Menurut Bupati, sinergi yang baik antara pemerintah desa, masyarakat, dan mahasiswa akan melahirkan berbagai program yang lebih efektif dan memberikan dampak nyata bagi masyarakat.
Kehadiran mahasiswa di desa tidak hanya menjadi bagian dari proses akademik, tetapi juga merupakan momentum untuk membangun kolaborasi dalam menjawab berbagai tantangan pembangunan, terutama di bidang kesehatan, pemberdayaan masyarakat, dan pembangunan yang inklusif.
Selain itu, Bupati juga meminta seluruh perangkat daerah terkait agar memberikan dukungan dan pendampingan sesuai dengan bidang tugas masing-masing.
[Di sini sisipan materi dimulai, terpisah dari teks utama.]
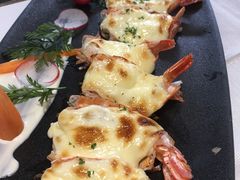 -龙猫意杯花园餐厅(芙蓉湖店)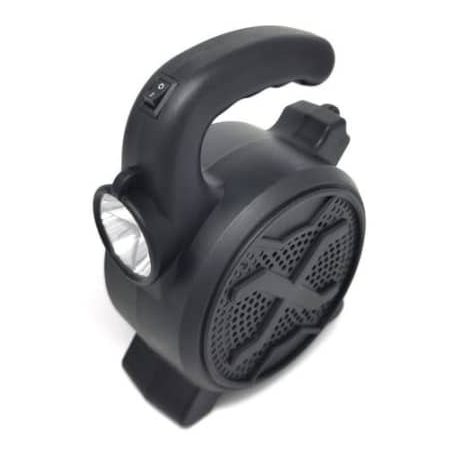 SPEAKER BLUETOOTH KTX-1152 FOR MP3 & MOBILE & FM & SD CARD USB & AUX  سبيكر بلوتوث مع بيل ,Speakers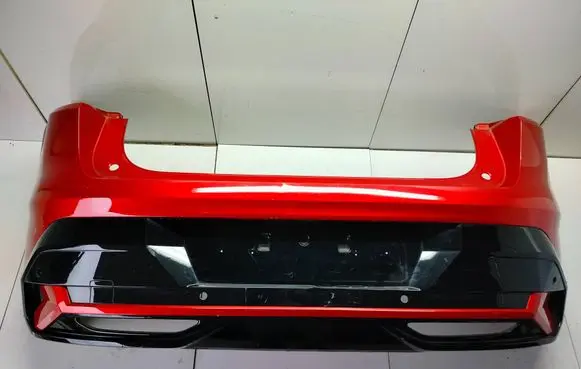 Renault Megane E-Tech Rear bumper 850239478R
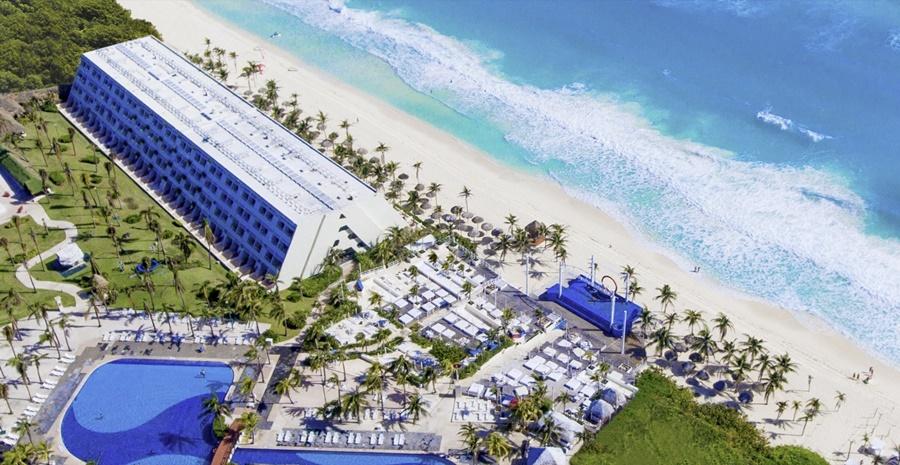 Oh! On The (adults Only) Cancun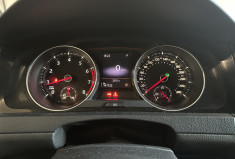 Volkswagen Golf 2.0 TSI BlueMotion Technology GTI DSG6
Dukungan lintas sektor dinilai penting untuk memastikan pelaksanaan KKN Tematik Gentaskin berjalan dengan baik, aman, dan lancar.
Pemerintah Kabupaten TTU berharap pelaksanaan KKN Tematik Gentaskin Batch II Tahun 2026 dapat menjadi wadah pembelajaran dan pengabdian yang produktif, sekaligus memperkuat semangat gotong royong dan kolaborasi antara pemerintah, perguruan tinggi, dan masyarakat dalam mewujudkan pembangunan desa yang sehat, kuat, dan inklusif di Kabupaten Timor Tengah Utara.